_WHAT TO PRODUCE_: What is needed is an exact copy of all the records.
BEGIN
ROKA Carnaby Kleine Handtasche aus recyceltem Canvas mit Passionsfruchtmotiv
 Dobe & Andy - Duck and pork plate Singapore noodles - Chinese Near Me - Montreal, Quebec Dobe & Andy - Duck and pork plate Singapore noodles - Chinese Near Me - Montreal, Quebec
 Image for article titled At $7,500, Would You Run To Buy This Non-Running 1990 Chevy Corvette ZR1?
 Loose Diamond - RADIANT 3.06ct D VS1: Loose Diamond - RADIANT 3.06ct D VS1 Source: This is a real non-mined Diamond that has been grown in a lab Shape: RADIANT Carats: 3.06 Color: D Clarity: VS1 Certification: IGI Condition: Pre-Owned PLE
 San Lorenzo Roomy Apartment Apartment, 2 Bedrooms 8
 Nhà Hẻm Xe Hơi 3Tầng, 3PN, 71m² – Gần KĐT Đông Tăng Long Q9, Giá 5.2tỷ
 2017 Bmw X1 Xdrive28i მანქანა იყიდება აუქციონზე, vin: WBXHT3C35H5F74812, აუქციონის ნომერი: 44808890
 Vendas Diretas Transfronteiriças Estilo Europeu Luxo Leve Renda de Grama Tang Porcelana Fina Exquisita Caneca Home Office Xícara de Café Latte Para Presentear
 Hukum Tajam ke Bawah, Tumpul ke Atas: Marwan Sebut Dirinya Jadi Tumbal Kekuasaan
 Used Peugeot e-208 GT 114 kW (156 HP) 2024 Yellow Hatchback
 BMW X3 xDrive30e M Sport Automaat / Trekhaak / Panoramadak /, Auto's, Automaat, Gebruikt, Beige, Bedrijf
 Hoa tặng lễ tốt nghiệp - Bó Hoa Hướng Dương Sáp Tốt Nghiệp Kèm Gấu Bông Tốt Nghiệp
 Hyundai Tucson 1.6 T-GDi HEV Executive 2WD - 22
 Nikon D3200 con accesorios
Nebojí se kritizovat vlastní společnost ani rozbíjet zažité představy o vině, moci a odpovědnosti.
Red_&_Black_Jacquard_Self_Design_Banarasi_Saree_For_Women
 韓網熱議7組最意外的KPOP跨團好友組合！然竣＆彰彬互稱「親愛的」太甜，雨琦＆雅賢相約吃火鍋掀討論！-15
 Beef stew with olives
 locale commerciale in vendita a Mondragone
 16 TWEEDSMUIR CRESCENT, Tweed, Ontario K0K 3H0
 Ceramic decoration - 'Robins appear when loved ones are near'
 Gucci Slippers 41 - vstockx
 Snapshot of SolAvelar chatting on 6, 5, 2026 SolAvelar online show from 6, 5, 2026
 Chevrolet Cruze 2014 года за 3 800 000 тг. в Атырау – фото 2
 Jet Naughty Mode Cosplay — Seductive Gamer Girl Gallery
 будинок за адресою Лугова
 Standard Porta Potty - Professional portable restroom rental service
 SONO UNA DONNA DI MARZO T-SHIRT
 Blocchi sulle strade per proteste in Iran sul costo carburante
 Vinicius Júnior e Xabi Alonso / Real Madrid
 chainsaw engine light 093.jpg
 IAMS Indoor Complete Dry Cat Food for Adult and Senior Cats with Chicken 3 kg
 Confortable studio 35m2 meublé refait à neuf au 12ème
END
_RESPONSE TO THE EXERCISE_:
ROKA Carnaby Kleine Handtasche aus recyceltem Canvas mit Passionsfruchtmotiv
 Dobe & Andy - Duck and pork plate Singapore noodles - Chinese Near Me - Montreal, Quebec Dobe & Andy - Duck and pork plate Singapore noodles - Chinese Near Me - Montreal, Quebec
 Image for article titled At $7,500, Would You Run To Buy This Non-Running 1990 Chevy Corvette ZR1?
 Loose Diamond - RADIANT 3.06ct D VS1: Loose Diamond - RADIANT 3.06ct D VS1 Source: This is a real non-mined Diamond that has been grown in a lab Shape: RADIANT Carats: 3.06 Color: D Clarity: VS1 Certification: IGI Condition: Pre-Owned PLE
 San Lorenzo Roomy Apartment Apartment, 2 Bedrooms 8
 Nhà Hẻm Xe Hơi 3Tầng, 3PN, 71m² – Gần KĐT Đông Tăng Long Q9, Giá 5.2tỷ
 2017 Bmw X1 Xdrive28i მანქანა იყიდება აუქციონზე, vin: WBXHT3C35H5F74812, აუქციონის ნომერი: 44808890
 Vendas Diretas Transfronteiriças Estilo Europeu Luxo Leve Renda de Grama Tang Porcelana Fina Exquisita Caneca Home Office Xícara de Café Latte Para Presentear
 Hukum Tajam ke Bawah, Tumpul ke Atas: Marwan Sebut Dirinya Jadi Tumbal Kekuasaan
 Used Peugeot e-208 GT 114 kW (156 HP) 2024 Yellow Hatchback
 BMW X3 xDrive30e M Sport Automaat / Trekhaak / Panoramadak /, Auto's, Automaat, Gebruikt, Beige, Bedrijf
 Hoa tặng lễ tốt nghiệp - Bó Hoa Hướng Dương Sáp Tốt Nghiệp Kèm Gấu Bông Tốt Nghiệp
 Hyundai Tucson 1.6 T-GDi HEV Executive 2WD - 22
 Nikon D3200 con accesorios
Nebojí se kritizovat vlastní společnost ani rozbíjet zažité představy o vině, moci a odpovědnosti.
Red_&_Black_Jacquard_Self_Design_Banarasi_Saree_For_Women
 韓網熱議7組最意外的KPOP跨團好友組合！然竣＆彰彬互稱「親愛的」太甜，雨琦＆雅賢相約吃火鍋掀討論！-15
 Beef stew with olives
 locale commerciale in vendita a Mondragone
 16 TWEEDSMUIR CRESCENT, Tweed, Ontario K0K 3H0
 Ceramic decoration - 'Robins appear when loved ones are near'
 Gucci Slippers 41 - vstockx
 Snapshot of SolAvelar chatting on 6, 5, 2026 SolAvelar online show from 6, 5, 2026
 Chevrolet Cruze 2014 года за 3 800 000 тг. в Атырау – фото 2
 Jet Naughty Mode Cosplay — Seductive Gamer Girl Gallery
 будинок за адресою Лугова
 Standard Porta Potty - Professional portable restroom rental service
 SONO UNA DONNA DI MARZO T-SHIRT
 Blocchi sulle strade per proteste in Iran sul costo carburante
 Vinicius Júnior e Xabi Alonso / Real Madrid
 chainsaw engine light 093.jpg
 IAMS Indoor Complete Dry Cat Food for Adult and Senior Cats with Chicken 3 kg
 Confortable studio 35m2 meublé refait à neuf au 12ème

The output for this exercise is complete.